SOURCE MATERIAL →
=== Begin Enclosure ===
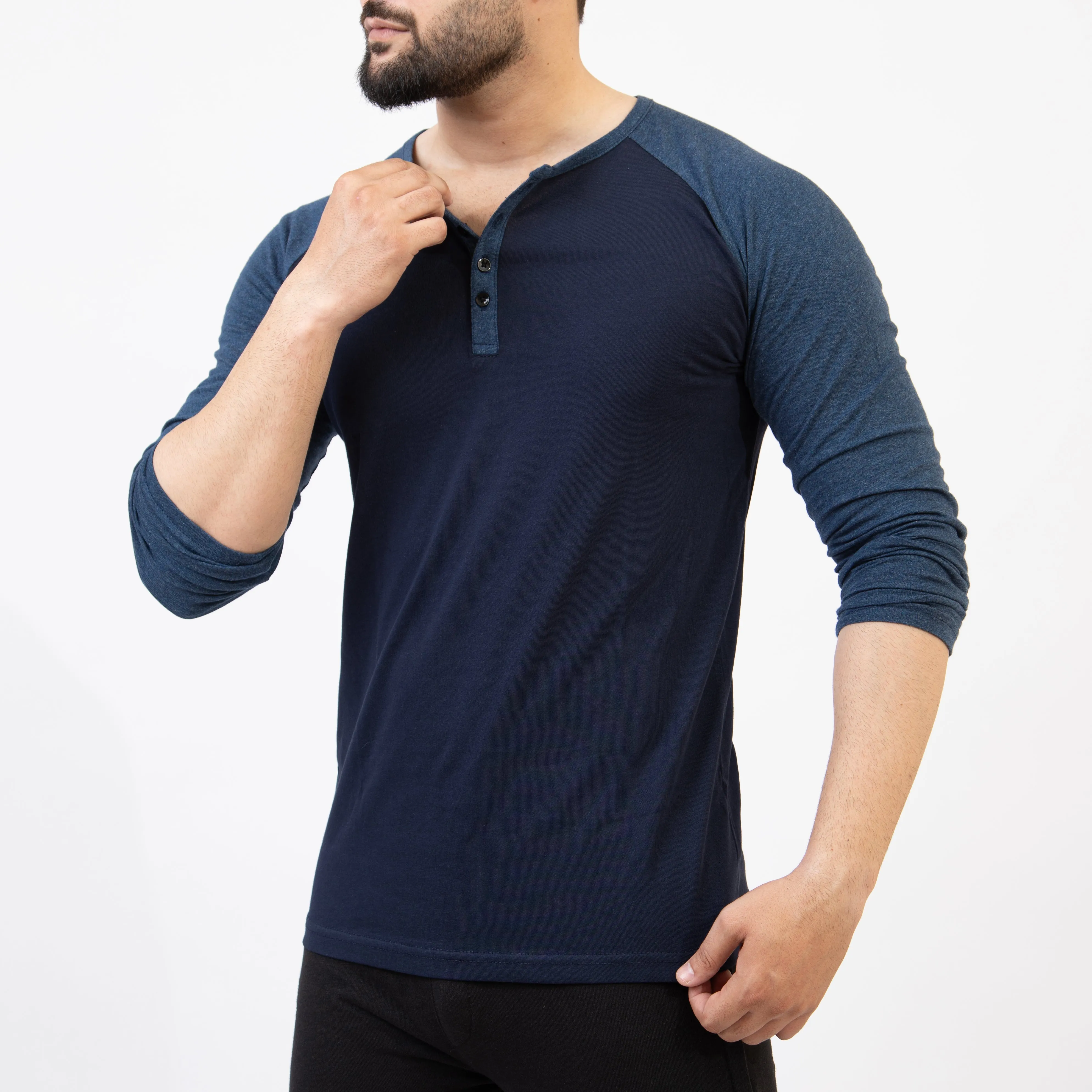 Navy Melange & Navy Henley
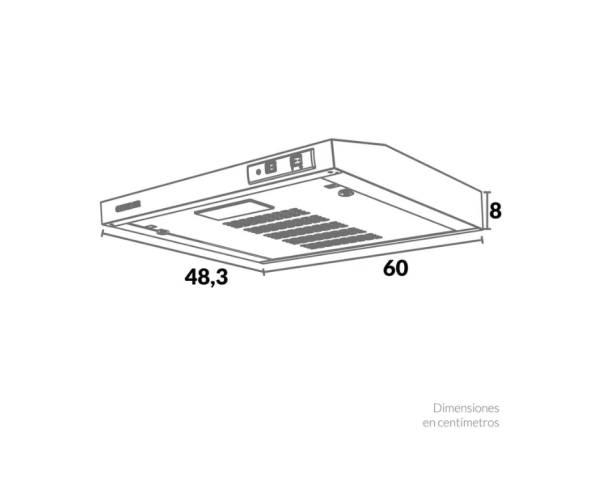 Campana Horizontal Challenger 60Cms Inox/CX4000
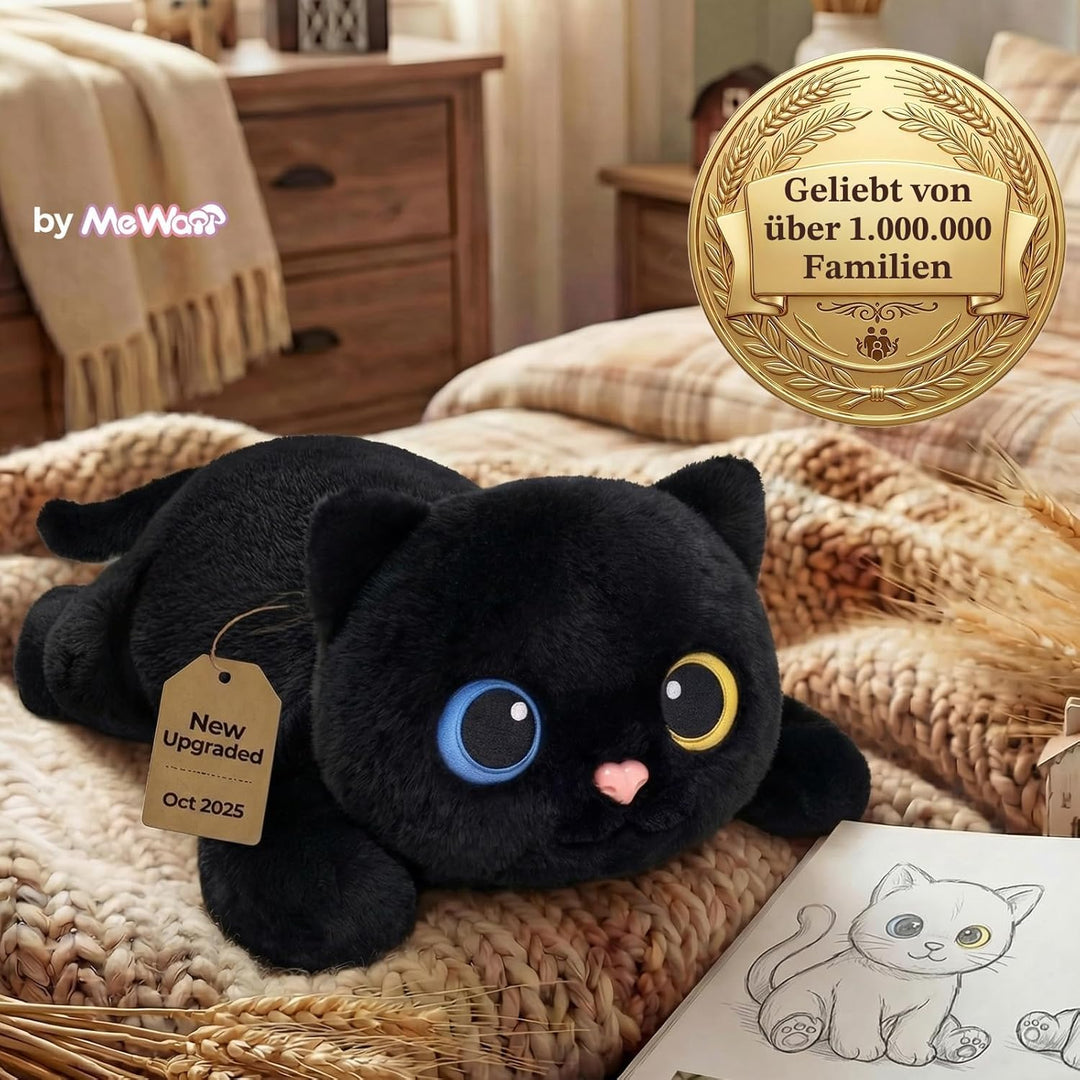 Mewaii Gewichteter Schwarze Katze Kuscheltier mit Mikrowellen-Wärmekissen – 2,3 kg Gewichtskuschelti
=== End Enclosure ===
ACTIVITY → Exclude every image and return the material above exactly.

OUTPUT OF THE EXERCISE →
 Navy Melange & Navy Henley
 Campana Horizontal Challenger 60Cms Inox/CX4000
 Mewaii Gewichteter Schwarze Katze Kuscheltier mit Mikrowellen-Wärmekissen – 2,3 kg Gewichtskuschelti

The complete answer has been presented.